The BE_O of all doped surfaces based on dopant category are shown in Fig. 3. As a reference, the oxygen binding energy data for pristine Mo₂C is shown on top and labelled as “Mo”. The presence of outliers is largely due to the rearrangement of catalyst surface atoms upon oxygen adsorption or the formation of surface carbon monoxide. The effects of dopants on BE_O can be differentiated by their vicinity to the adsorbed oxygen atom, e.g., whether the dopant atom is in the first (Fig. 3a) or second (Fig. 3b) coordination shell. For the latter, as the dopant atom is further away from the adsorbed oxygen, negligible differences compared to pristine Mo₂C are observed (Fig. 3b). In contrast, the presence of a dopant atom in the first coordination shell can strongly influence the magnitude of BE_O (Fig. 3a). Furthermore, we observed that the presence of Zn, Cu, or Ni dopants weakens the binding strength of oxygen atom on the catalytic facets, whereas Cr, V, and Ti dopants strengthen the binding strength of oxygen atoms. In addition, a trend in BE_O with respect to the position of dopant element in the periodic table is observed. In general, from left to right, i.e., group IV to XII, and top to bottom, i.e., period 4 to 6, across the transition metals, the magnitude of BE_O decreases gradually. For example, the median |BE_O| of Ti-doped, Fe-doped, and Zn-doped Mo₂C surfaces are 4.91, 3.94, and 3.80 eV, respectively. Similarly, the median |BE_O| decreases from 3.73 to 3.22 eV for Mo₂C surfaces doped with Cu and Au. Since dopant electronegativity also increases in the same directions, it may have an inversely proportional effect on BE_O. We have also identified that the computed difference in BE_O distribution is negligible among the 7 considered low Miller-index surfaces (Fig. S5†).
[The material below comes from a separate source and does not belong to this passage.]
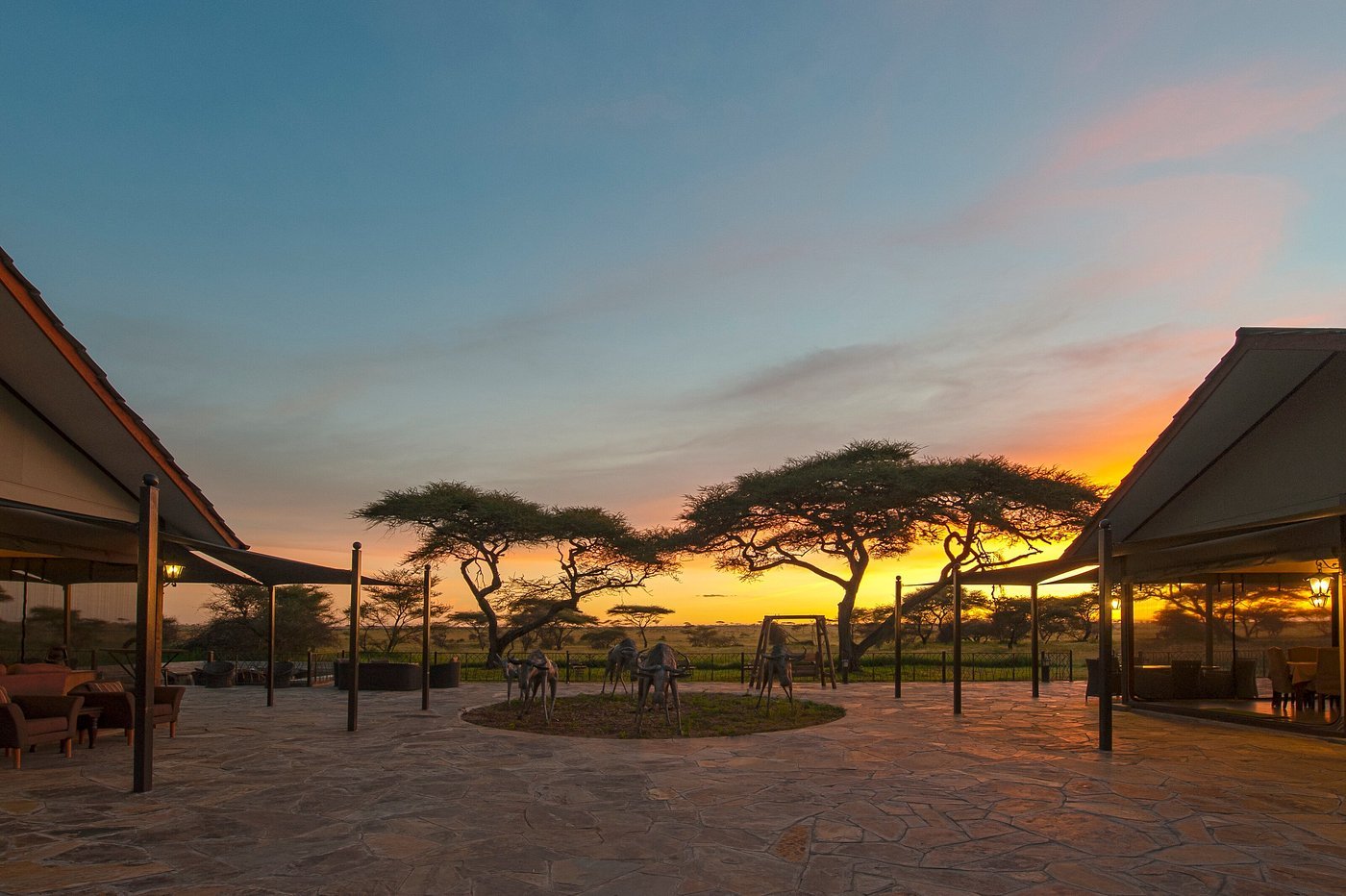 sametu-camp-serengeti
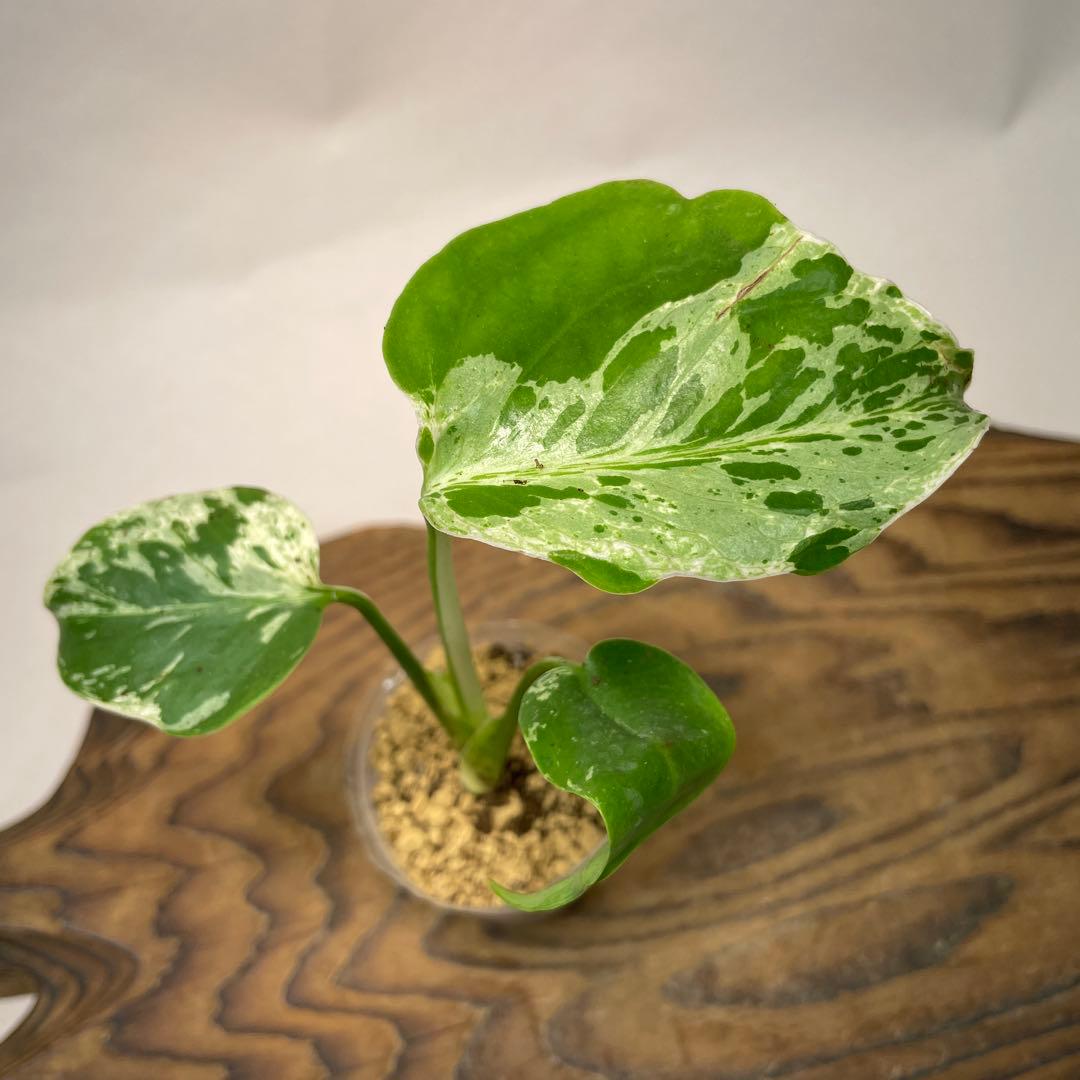 S*h様 L043品種保証！斑入り保証！　モンステラ バルバソー フシギダネ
Fig. 3 Distribution of 20k computed O binding energies (BE_O) on all considered Mo₂C surfaces with respect to dopant element and its vicinity to O. Different bar colours correspond to different dopant elements. The dopant may be present in the 1^st (a) or 2^nd (b) nearest neighbour (NN) of adsorbed O. Mo dopant indicates the pristine Mo₂C surfaces. Red circles represent BE_O on doped Mo₂C(100) facets only. Note: binding energy of O on Mo₂C(100) doped with Au atom in 1^st nearest neighbour (NN) could not be obtained due to surface reconstruction upon O adsorption and geometry relaxation. In these box plots, the box length indicates the interquartile range (middle 50% of BE_O) wherein the inner vertical black line shows the median value. The outliers are shown as black diamonds.

To gauge the BE_O trend on a specific catalyst surface, we chose Mo₂C(100) as an example, as it is the closest-packed and hence most widely studied surface for modelling orthorhombic Mo₂C catalysts.^66,67 The BE_O on doped Mo₂C(100) is shown as the red circles in Fig. 3. Based on the computed BE_O, several observations can be made for BE_O on doped Mo₂C(100) compared to all doped surfaces. First, the effect of the 1^st NN dopants on BE_O (Fig. 3a) is much stronger than that of the 2^nd NN counterparts (Fig. 3b). Second, the trend in BE_O with respect to dopant element position in the periodic table is identical between Mo₂C(100) and all facets. These results indicate that the Mo₂C(100) is a reasonable model facet for a qualitative assessment of dopant effects on oxygen adsorption in Mo₂C catalysts.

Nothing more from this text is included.